Aristoteles lahir di Stageria wilayah yang saat itu diperintah kerajaan Macedonia, yaitu sebuah region Trachia kurang lebih tahun 384 SM. Ayahnya seorang dokter yang menjadi kepercayaan Raja Amynatas II. Raja ini kemudian diambil alih kekuasaannya oleh Philip, putranya. Philip inilah ayah dari Alexander the Great. Di bawah Philip, Macedonia berubah dari sekadar wilayah marjinal menjadi negara kota terkuat di Yunani (McClelland, 1996: 48-9). 
 
Aristoteles
Sumber Foto:
https://brewminate.com/tyranny-democracy-and-the-polity-aristotles-politics/

Seperti umum diketahui, pada tahun 367 SM Aristoteles belajar di Akademi Plato yang terletak di negara kota Athena (Adams and Dyson, 2007: 11). Saat itu usianya sudah 17 tahun. Di samping belajar, Aristoteles kemudian juga mengajar di almamaternya itu hingga usia 40 tahun. Keterkaitan Aristoteles dengan Macedonia membuat posisinya kerap disalahpahami di Athena. Menguatnya posisi Macedonia dalam pentas politik Yunani membuat Athena mempertanyakan posisi Aristoteles. Hingga saat itu Athena selalu mengklaim sebagai episentrum budaya Helenisme-Yunani. Athena memandang bangkitnya Macedonia sebagai indikasi pengambilalihan hegemoni. Tidak hanya hegemoni di Yunani saja, melainkan dunia. Tentu saja, dunia saat itu adalah dunia mediterania. 

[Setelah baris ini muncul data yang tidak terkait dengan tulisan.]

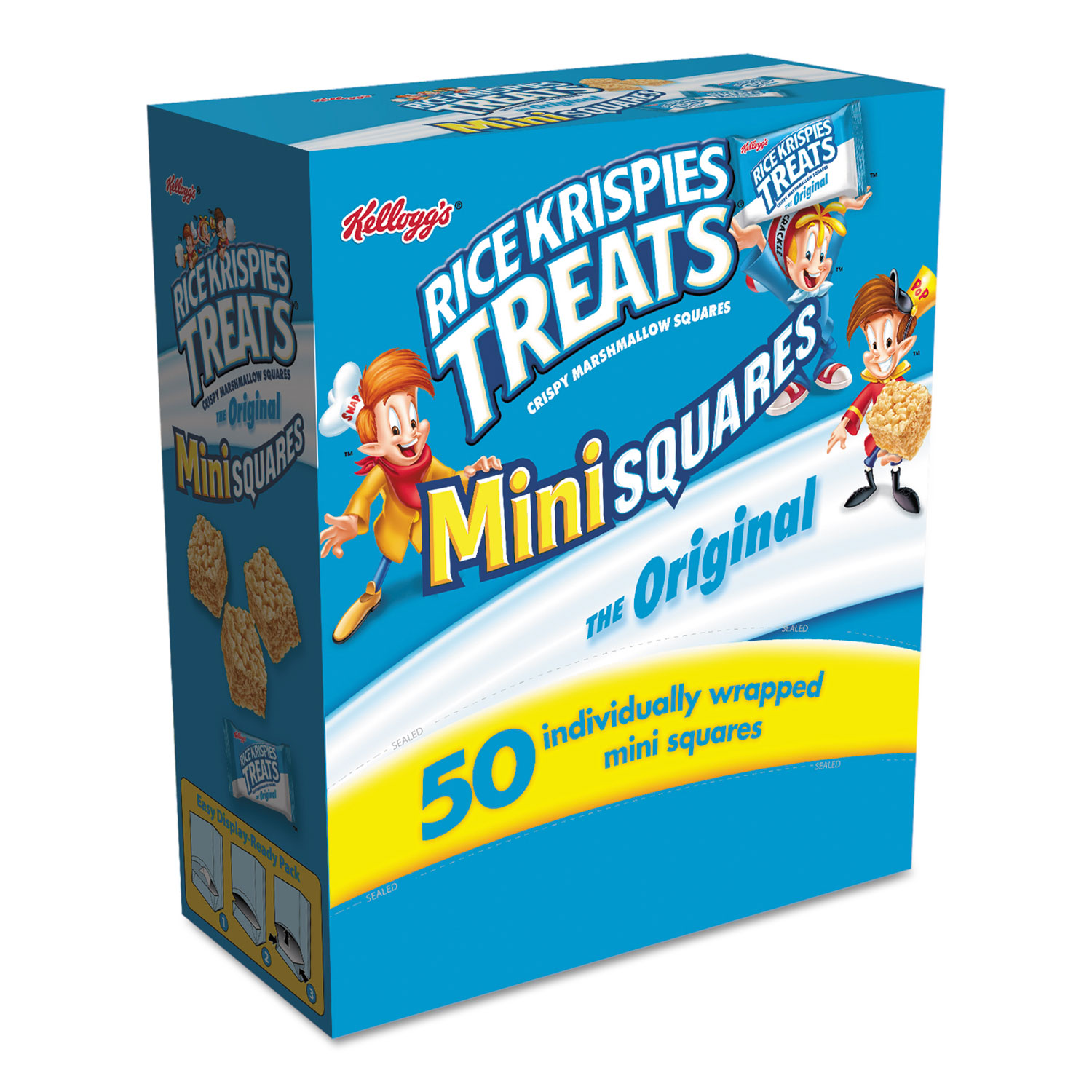 Rice Krispies Treats, Mini Squares, 0.39 oz, 50/Box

Hingga kini, masih kurang literatur yang menulis peran Aristoteles dalam politik internal Macedonia. Ada yang menganggapnya sekadar ilmuwan yang berbakti di Macedonia. Namun, ada pula pandangan lain yang menganggap bahwa Aristoteles adalah sayap politik Macedonia, bahkan cenderung dianggap sebagai mata-mata. Kecurigaan ini bukan tanpa alasan. Ada yang menganggap karya Aristoteles, yaitu Politics (Politika) adalah upaya pembelaannya atas sistem politik Macedonia.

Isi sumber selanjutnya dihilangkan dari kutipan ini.